For Horovod, we need a dedicated input channel for each Horovod worker. In this example, we will use a instance with 4 GPUs (**ml.p3.8xlarge**). So we will shard the train data into four tfrecord files as below.

In [7]:
%load_ext autoreload
#%reload_ext autoreload
%autoreload 2

from shard import do_shard
from sagemaker.session import s3_input
#from sagemaker.inputs import TrainingInput
from sagemaker.tensorflow import TensorFlow
def shard_data_and_upload(local_data_dir, num_of_shards):
    do_shard(local_data_dir, num_of_shards)
    dataset_location = sagemaker_session.upload_data(path='data', key_prefix='data/DEMO-cifar10-tf')
    display(dataset_location)

    shuffle_config = sagemaker.session.ShuffleConfig(234)
    #shuffle_config = sagemaker.inputs.ShuffleConfig(234)
    
    print("shuffle_config:",shuffle_config)
    train_s3_uri_prefix = dataset_location

    remote_inputs = {}

    for idx in range(num_of_shards):
        train_s3_uri = f'{train_s3_uri_prefix}/train/{idx}/'
        train_s3_input = s3_input(train_s3_uri, shuffle_config=shuffle_config)
        #train_s3_input=TrainingInput(train_s3_uri, shuffle_config=shuffle_config)
        
        remote_inputs[f'train_{idx}'] = train_s3_input
        
        remote_inputs['validation_{}'.format(idx)] = '{}/validation'.format(dataset_location)

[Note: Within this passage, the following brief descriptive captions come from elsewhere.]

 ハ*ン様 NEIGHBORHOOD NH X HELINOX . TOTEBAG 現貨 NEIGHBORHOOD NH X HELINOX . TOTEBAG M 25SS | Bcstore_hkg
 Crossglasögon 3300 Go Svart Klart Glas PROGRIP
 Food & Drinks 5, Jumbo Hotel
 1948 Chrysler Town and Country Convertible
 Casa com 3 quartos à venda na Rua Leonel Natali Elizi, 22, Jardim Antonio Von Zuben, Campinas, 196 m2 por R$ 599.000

    remote_inputs['validation'] = '{}/validation'.format(dataset_location)
    remote_inputs['eval'] = '{}/eval'.format(dataset_location)
    
    return remote_inputs

The autoreload extension is already loaded. To reload it, use:
  %reload_ext autoreload


In [8]:
remote_inputs = shard_data_and_upload('./data', num_of_shards)

Generating ./data/train/0/train_0.tfrecords
Generating ./data/train/1/train_1.tfrecords
Generating ./data/train/2/train_2.tfrecords
Generating ./data/train/3/train_3.tfrecords


's3://sagemaker-us-east-2-870180618679/data/DEMO-cifar10-tf'

's3_input' class will be renamed to 'TrainingInput' in SageMaker Python SDK v2.
's3_input' class will be renamed to 'TrainingInput' in SageMaker Python SDK v2.
's3_input' class will be renamed to 'TrainingInput' in SageMaker Python SDK v2.
's3_input' class will be renamed to 'TrainingInput' in SageMaker Python SDK v2.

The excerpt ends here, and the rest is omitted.